Other Studies
Evaluating CMR - Assessing CVD Risk: Traditional ApproachesKey Points
- Identifying individuals at high risk of CVD is one of the main objectives of primary prevention and the first step towards treating high-risk patients with modifiable risk factors.
- When evaluating a patient’s global CHD risk, it is important to consider all risk factors simultaneously.
- The SCORE risk estimation system directly estimates total fatal CVD risk for clinical management of CVD risk in European populations.
- The UKPDS risk engine is a good CHD risk estimation model for primary prevention of CHD in type 2 diabetic patients.

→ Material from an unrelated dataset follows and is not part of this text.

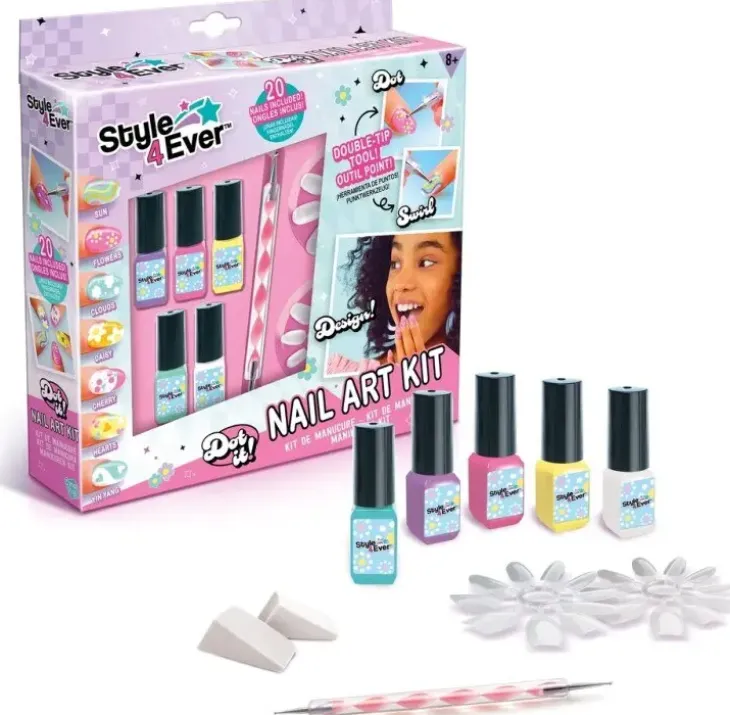 Style 4 ever nail art setti
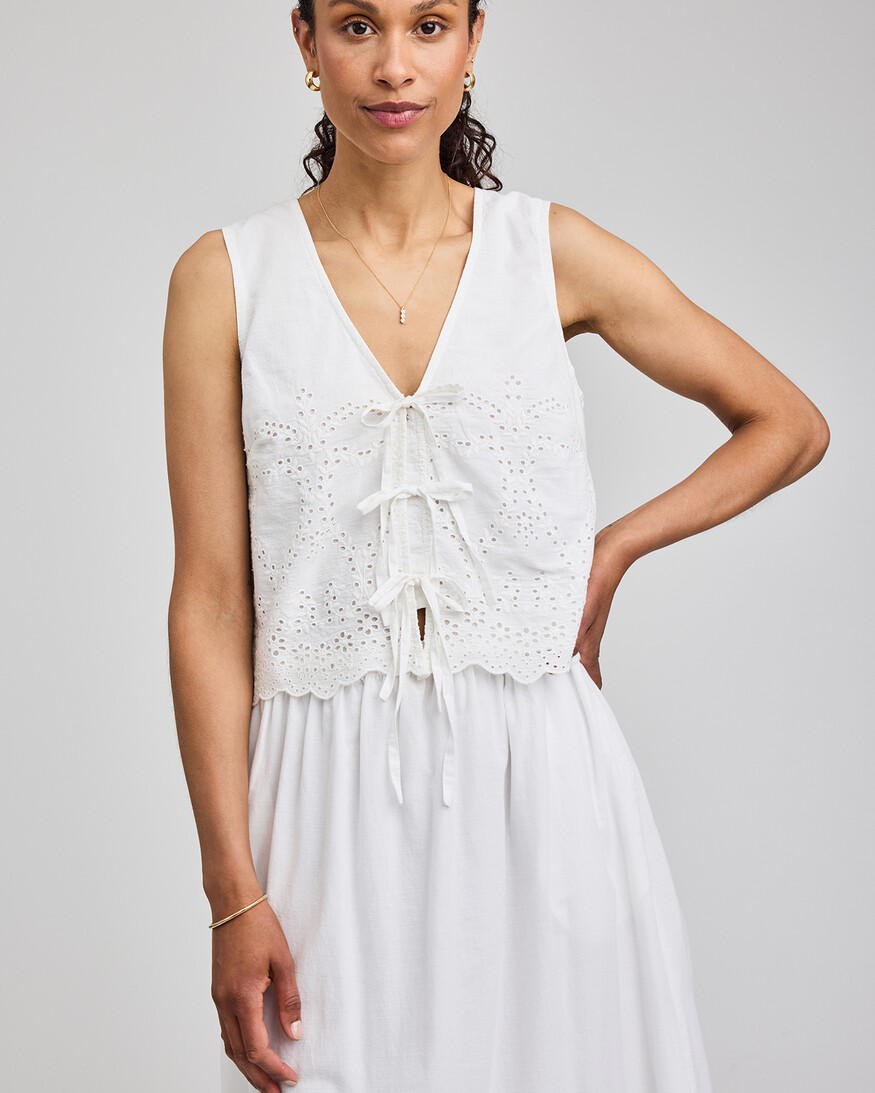 Gentle Fawn Rhea Sleeveless Top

- CUORE has produced a predictive equation specific to the Italian population.
Estimating CHD Risk
Identifying subjects at high risk of cardiovascular disease (CVD) is a key priority of primary prevention and the first step towards reducing CVD risk by targeting modifiable risk factors [1]. Traditionally, risk factor guidelines have focused on single factor assessment rather than on individual’s global risk based on a combination of risk factors [2]. However, large prospective studies [3,4] have clearly shown that coronary heart disease (CHD) is a multifactorial disease and that coronary risk factors do not act in isolation but rather in conjunction with each other. It is therefore important to consider all risk factors when assessing a patient’s global CHD risk. This way of identifying high-risk individuals recognizes not only CHD’s multifaceted nature and the multiplicative effect of risk factors but also the importance of assessing and managing patients beyond mere treatment of risk factors [2].
Over the last decades, numerous epidemiological studies [3,4] have focused their attention on global absolute risk for identifying high-risk individuals. Several risk prediction methods have been developed to identify individuals at high risk of CHD or CVD. Among those risk prediction methods, the Framingham Heart Study [3] and the PROCAM study [4] are two well-known examples of predictive equations derived from large prospective studies. Additional risk charts and scores have also been developed from other widely known studies such as the Systematic COronary Risk Evaluation (SCORE) project [5], the United Kingdom Prospective Diabetes Study (UKPDS) [6], and the Italian CUORE project [7]. All these risk charts and scores are useful tools for evaluating an individual’s global CHD risk in clinical practice.
The SCORE Project
To date, one of the best-known risk prediction systems is based on the Framingham Heart Study [3]. However, the Framingham Study examined a relatively homogenous American population living within a limited geographical area (the city of Framingham, Massachusetts). In view of these limitations, the European Society of Cardiology and the Second Joint Task Force developed a risk estimation system based on a large pool of European studies to capture regional variation in CHD risk [5]. Their efforts led to the SCORE project, which assembled a pooled dataset of cohort studies [8-22] from 12 European countries. The consolidated database included 205,178 individuals (117,098 men and 80,080 women) without previous history of heart attack. Among the subjects, there were 7,934 cardiovascular deaths, of which 5,652 were attributed to CHD. Ten-year risk of fatal CVD was calculated using a Weibull model. The risk of cardiovascular death was calculated by combining two separate estimation equations: a model for CHD and a model for non-coronary atherosclerotic CVD.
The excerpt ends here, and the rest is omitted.